Exercise details: All of the data below should be printed again word for word, pictures excluded.

Provided material:
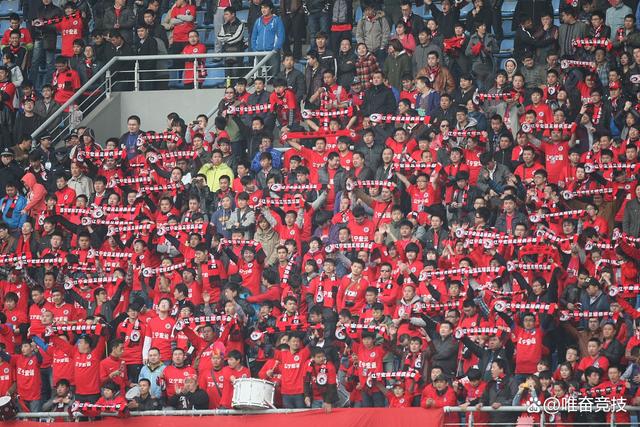包含利物浦主场大胜，球迷沸腾欢呼的词条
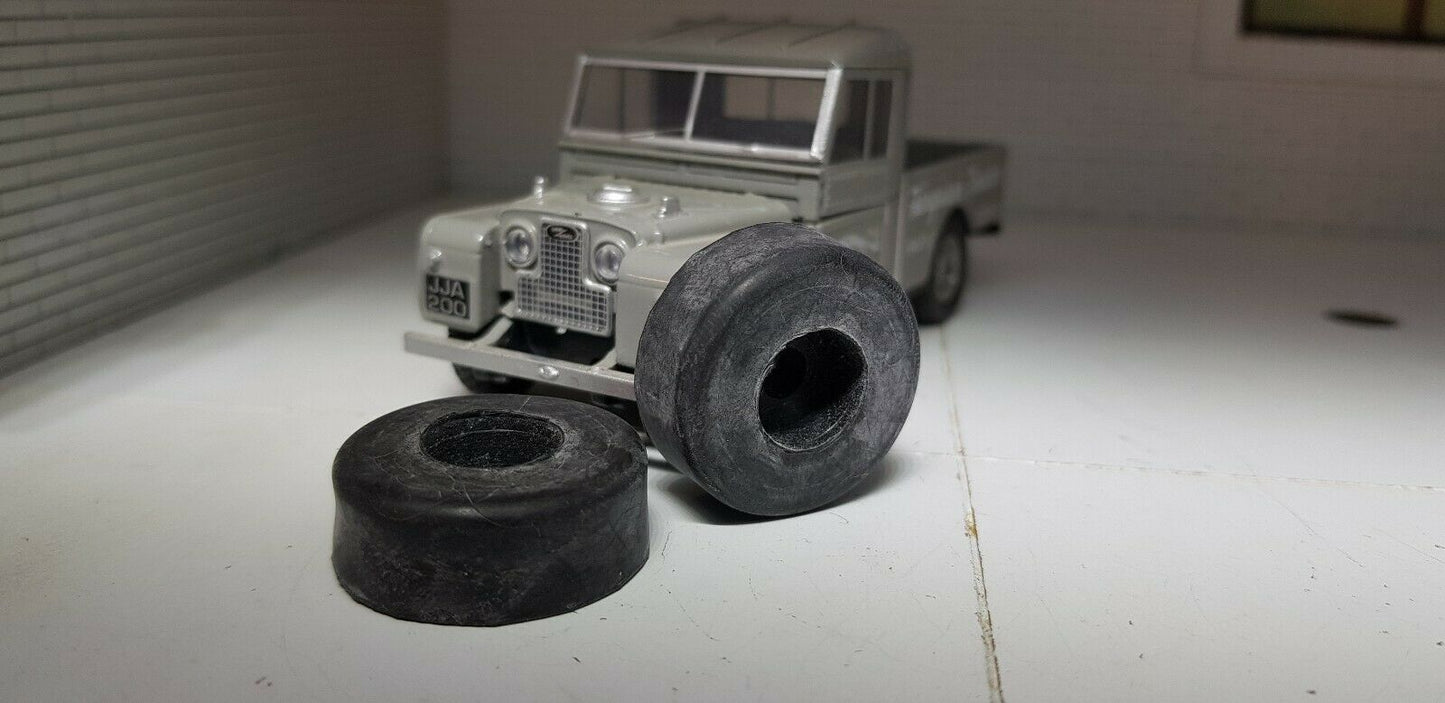 Land Rover Series 1 86 107 88 109 Seat Base Rubber Bush Locating Dowels 1954-58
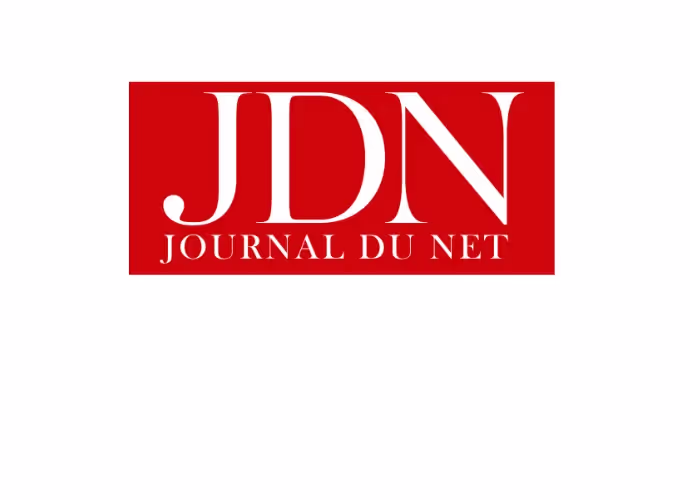 Logo blanc sur fond rouge du média « JDN – Journal du Net », sur fond blanc
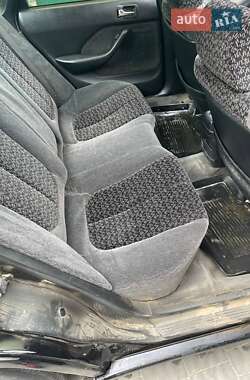 Седан Honda Accord 1993 в 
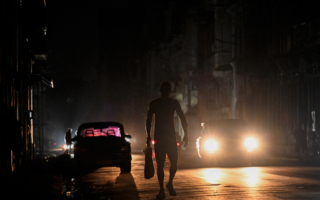 美警告在古巴公民 应留意反美抗议与燃料短缺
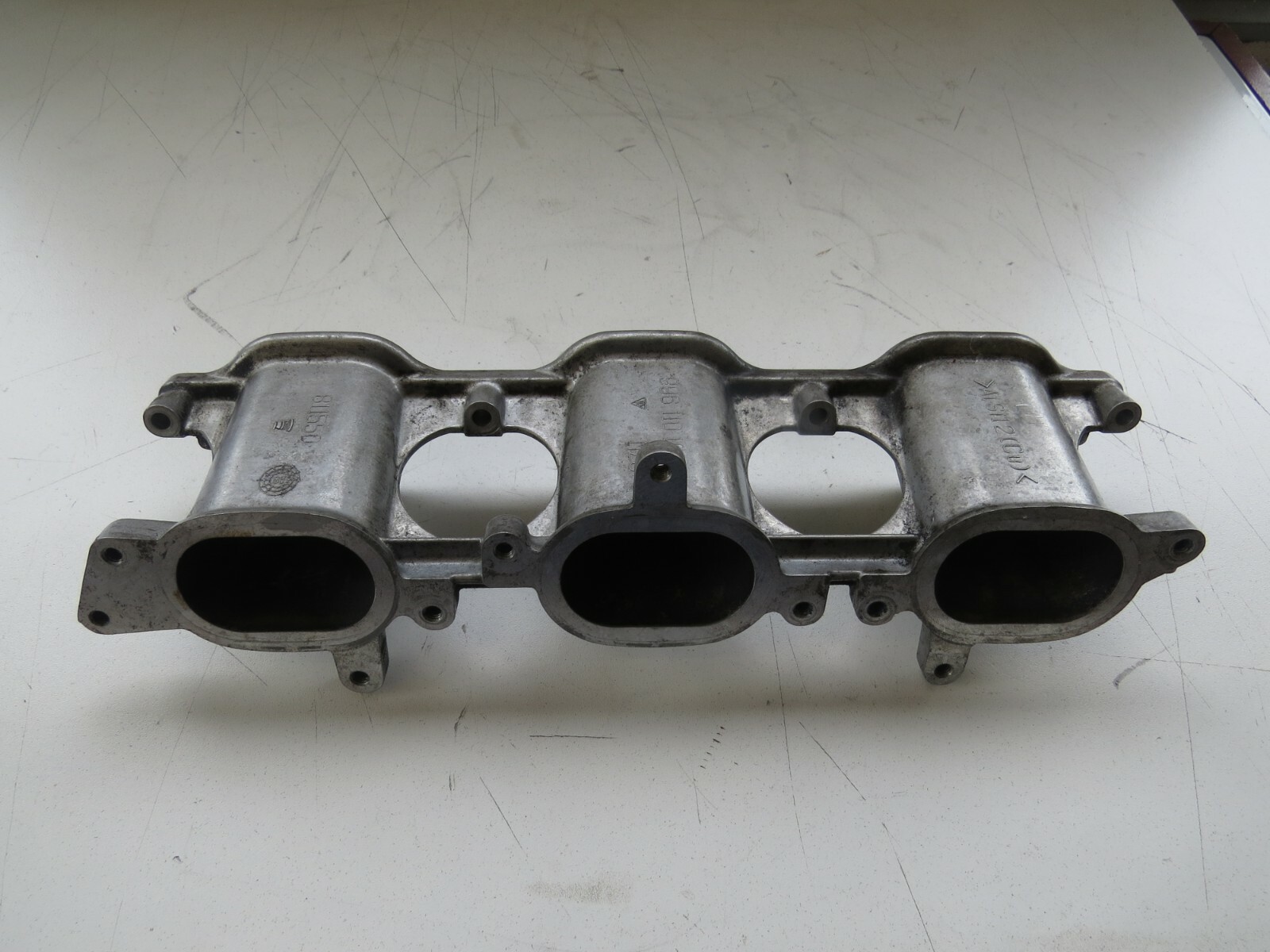 Porsche 911 996 1999-2004 OEM Lower Intake Manifold Inlet Ports - Image 5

Response:
包含利物浦主场大胜，球迷沸腾欢呼的词条
 Land Rover Series 1 86 107 88 109 Seat Base Rubber Bush Locating Dowels 1954-58
 Logo blanc sur fond rouge du média « JDN – Journal du Net », sur fond blanc
 Седан Honda Accord 1993 в 
 美警告在古巴公民 应留意反美抗议与燃料短缺
 Porsche 911 996 1999-2004 OEM Lower Intake Manifold Inlet Ports - Image 5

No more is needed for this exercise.